DESCRIPTION OF THE TASK: Please return the lines below verbatim, beginning at the one that has "Judy Blue Dark" and stopping after the one that has "Biodegradable Phone Case", and add no other lines.

Brief descriptive captions

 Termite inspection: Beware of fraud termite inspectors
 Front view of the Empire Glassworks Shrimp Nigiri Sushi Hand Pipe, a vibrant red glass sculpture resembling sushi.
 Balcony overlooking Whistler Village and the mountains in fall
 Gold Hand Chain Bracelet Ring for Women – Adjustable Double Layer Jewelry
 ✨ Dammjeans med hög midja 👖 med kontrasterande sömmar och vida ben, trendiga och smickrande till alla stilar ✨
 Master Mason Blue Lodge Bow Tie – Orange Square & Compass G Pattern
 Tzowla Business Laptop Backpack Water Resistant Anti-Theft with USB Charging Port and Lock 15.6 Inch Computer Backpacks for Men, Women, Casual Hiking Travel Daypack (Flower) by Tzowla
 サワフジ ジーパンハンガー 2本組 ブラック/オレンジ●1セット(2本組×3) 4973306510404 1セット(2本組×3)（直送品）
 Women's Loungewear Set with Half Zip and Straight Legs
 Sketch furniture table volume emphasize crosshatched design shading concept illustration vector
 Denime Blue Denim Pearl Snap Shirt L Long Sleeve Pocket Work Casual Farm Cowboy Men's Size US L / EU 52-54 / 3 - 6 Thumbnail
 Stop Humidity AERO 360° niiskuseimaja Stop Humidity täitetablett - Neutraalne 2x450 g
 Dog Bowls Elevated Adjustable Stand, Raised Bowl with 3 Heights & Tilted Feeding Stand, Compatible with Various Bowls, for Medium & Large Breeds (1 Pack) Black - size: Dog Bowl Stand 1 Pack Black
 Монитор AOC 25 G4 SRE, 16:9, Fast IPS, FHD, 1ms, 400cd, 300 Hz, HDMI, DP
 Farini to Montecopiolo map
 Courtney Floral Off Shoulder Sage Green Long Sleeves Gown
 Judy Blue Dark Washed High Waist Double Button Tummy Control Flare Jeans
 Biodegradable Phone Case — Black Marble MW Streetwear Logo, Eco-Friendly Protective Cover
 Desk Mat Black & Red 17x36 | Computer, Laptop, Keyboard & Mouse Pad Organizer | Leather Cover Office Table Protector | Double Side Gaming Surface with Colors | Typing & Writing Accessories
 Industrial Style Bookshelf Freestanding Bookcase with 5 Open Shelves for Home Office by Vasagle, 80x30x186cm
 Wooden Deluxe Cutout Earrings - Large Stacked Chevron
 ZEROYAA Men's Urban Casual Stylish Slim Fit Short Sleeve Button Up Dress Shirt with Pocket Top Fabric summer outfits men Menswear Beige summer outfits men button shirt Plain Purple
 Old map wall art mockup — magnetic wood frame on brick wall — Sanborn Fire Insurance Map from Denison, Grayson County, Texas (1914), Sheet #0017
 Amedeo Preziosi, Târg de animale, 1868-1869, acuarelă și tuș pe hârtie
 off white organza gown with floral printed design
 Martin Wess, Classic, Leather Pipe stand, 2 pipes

THE ANSWER:
 Judy Blue Dark Washed High Waist Double Button Tummy Control Flare Jeans
 Biodegradable Phone Case — Black Marble MW Streetwear Logo, Eco-Friendly Protective Cover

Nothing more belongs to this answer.